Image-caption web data
+++

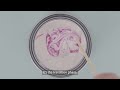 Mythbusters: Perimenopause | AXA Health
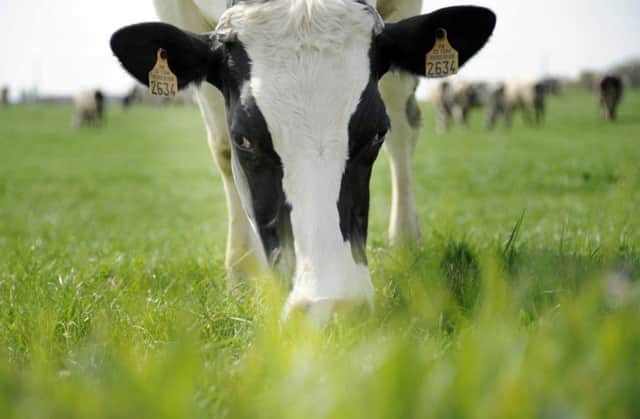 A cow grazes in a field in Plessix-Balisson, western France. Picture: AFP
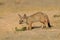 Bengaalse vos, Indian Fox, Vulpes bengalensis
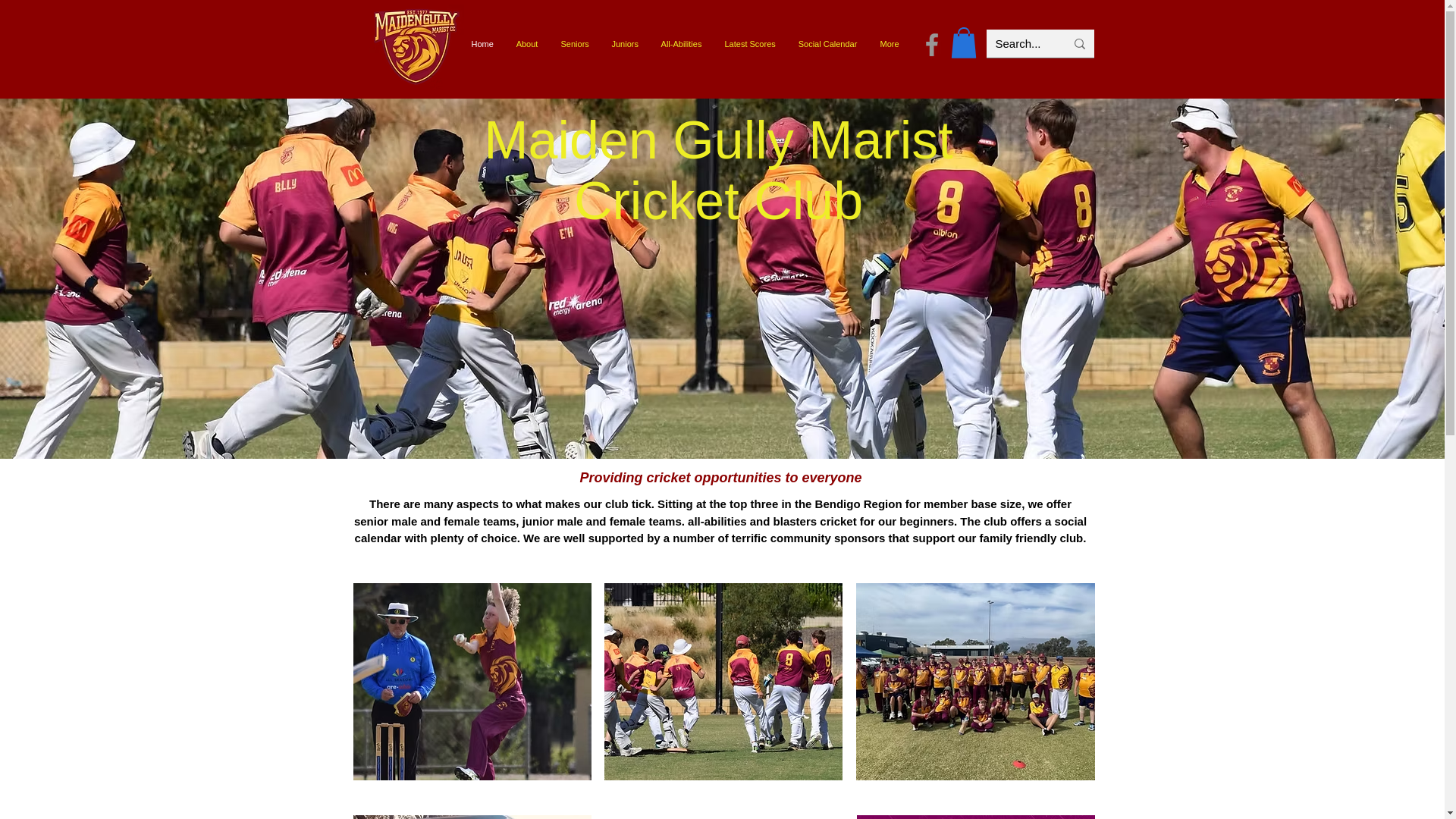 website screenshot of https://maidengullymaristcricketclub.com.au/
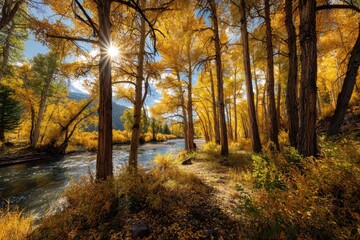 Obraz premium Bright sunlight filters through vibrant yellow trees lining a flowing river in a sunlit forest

+++

→ **What is required**:
Would you mind returning each entry above word for word, skipping the images?

→ **Task output**:
 Mythbusters: Perimenopause | AXA Health
 A cow grazes in a field in Plessix-Balisson, western France. Picture: AFP
 Bengaalse vos, Indian Fox, Vulpes bengalensis
 website screenshot of https://maidengullymaristcricketclub.com.au/
 Obraz premium Bright sunlight filters through vibrant yellow trees lining a flowing river in a sunlit forest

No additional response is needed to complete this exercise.